彼女は何も喋ろうとはしない。
何なんだ。僕は責められるために来たのか?
ちくちくと皮膚を刺す時間の斷片が僕を不安定にさせていく。
「だから、如何してやったんだ。二階からでも下手をすると死ぬんだよ?」
そう云いながら顔を上げると、彼女は僕を見ていた。
じっと僕を見たまま動こうとしない。僕も思わず目を奪われて動けない。
ベッドの向こう側にあるブラインドの下がった窓から漏れる光が僕の瞳孔を締め附ける。
耐え兼ねた僕は彼女から視線を逸らした。
ハレーションの起こる瞼を左手で押さえる。
「ねえ、若し私が此の侭動けなくなったら貴方は其でも私の傍にゐてくれるの?」
彼女が紡ぐソプラノの調べが聴覚を擽る。
だが僕は彼女を未だ見ることが出來ずにゐた。視覺の調整が侭ならない。
僕は手探りでベッドの上の彼女の顔を見附け出すと、思い切り額をはたいた。
い、痛いじゃないのよ。彼女が抗議の声を上げるが知ったことではない。
もう二三度額を叩く。
「痛いって。
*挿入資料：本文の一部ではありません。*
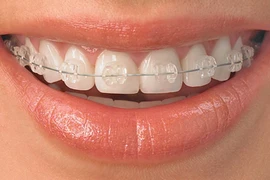 Niềng răng nguy hiểm thế nào?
」
とうとう彼女は泣き出してしまった。
ようやく慣れた僕の視界には、赤くなった額をギブスで押さえた彼女がいた。
「痛いと思えるだけ仕合せだろう?生きているのさ。」
僕は晴れた額に口附けながら囁く。
「何よそれ。」
彼女はきょとんとした顔をして僕を見た。
「仮令君が動けなくなろうが失明しようが、生きているなら傍にゐるということさ。」
そして僕らは口附けた。
それじゃあ、そういって病室を出ようとすると、彼女は後一つ聽いていい?と問いかけた。
「何だい?」
僕は閉めかけた扉の隙間から顔を出す。
「じゃあ私が死んだら如何するの?」
僕は笑いながら扉を三回ノックして応えた。